Éric Rohmer è sempre stato un autentico filosofo dell’animo umano, intento a scandagliare i sentimenti e i capricci dei suoi personaggi, facendo dialogare il maschile con il femminile ma anche lavorando sulle diverse sfumature caratteriali e ideologiche della femminilità, quale universo complesso e sfaccettato.
La sua vasta filmografia è principalmente suddivisa in tre cicli: Sei racconti morali, Commedie e proverbi e Racconti delle quattro stagioni, tre raccolte strutturate come dei compendi filosofici in cui il maestro francese riflette con arguzia e ironia sui rapporti interpersonali (sentimentali, amicali, parentali).
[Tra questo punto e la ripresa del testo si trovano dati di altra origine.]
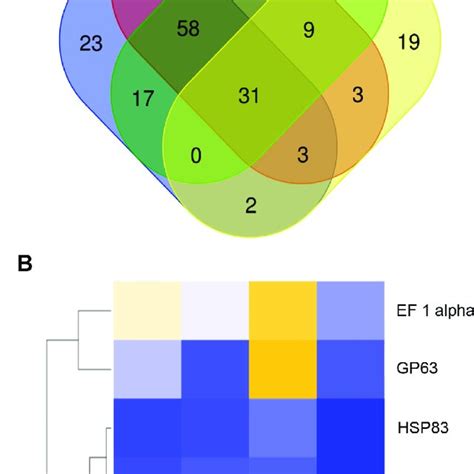 Identification Of L Infantum Evs Conserved Proteins A Venn Diagram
Le Commedie e proverbi sono un ciclo di sei film la cui struttura è modellata sulla falsariga delle raccolte teatrali di Alfred de Musset, il quale siglava i titoli dei propri lavori con dei brevi aforismi. Rohmer dopo aver realizzato due film in costume (La marchesa Von… e Il fuorilegge), ispirati a opere letterarie (Heinrich Von Kleist e Chrétien de Troyes), decide di utilizzare una struttura teatrale per mettere in scena dei girotondi di sentimenti, dubbi e delusioni, in cui la donna è sempre il perno attorno a cui ruota l’intera vicenda, mentre l’uomo resta spesso in balia dei suoi capricci, delle sue scelte e dei suoi sbalzi di umore.
Ma cambia anche l’approccio alle storie rispetto al ciclo precedente dei Sei racconti morali, in cui vigeva la formula del teorema come punto di vista esterno sulla vicenda (lo sguardo dell’autore stesso), partendo dal punto di vista interno ovvero quello della protagonista e non si tratta più di intellettuali o donne spesso sofisticate ma di ragazze comuni, come studentesse, commesse e impiegate.
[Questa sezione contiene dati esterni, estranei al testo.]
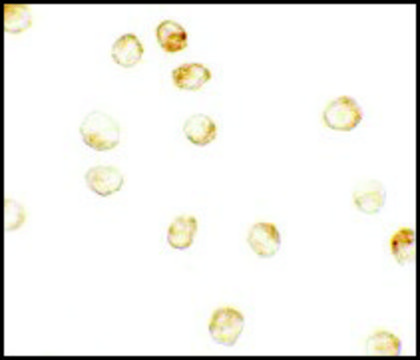 Anti-JMJD3 antibody produced in rabbit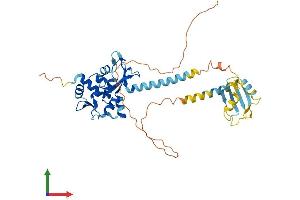 Protein Structure (PS) image for Sjogren Syndrome Antigen B (SSB) (AA 1-415) protein (His tag) (ABIN7563127)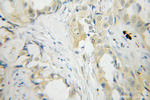 PLEK Antibody in Immunohistochemistry (Paraffin) (IHC (P))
La moglie dell’aviatore vede protagonista Anne (Marie Riviere che ritroviamo nel quinto capitolo, Il raggio verde), quintessenza della femminilità che caratterizza l’intero ciclo, una giovane donna indipendente, indomita e volubile, che si lega prima a Christian, un aviatore sposato, e poi a François, uno studente. Questo triangolo viene poi a frantumarsi nel momento in cui Christian la lascia per tornare definitivamente con la moglie. Il film si apre su questa chiusura di rapporto, ma il caso vuole che François veda uscire Christian dall’appartamento di Anne e pensa che siano tornati nuovamente insieme, decidendo così di pedinarlo.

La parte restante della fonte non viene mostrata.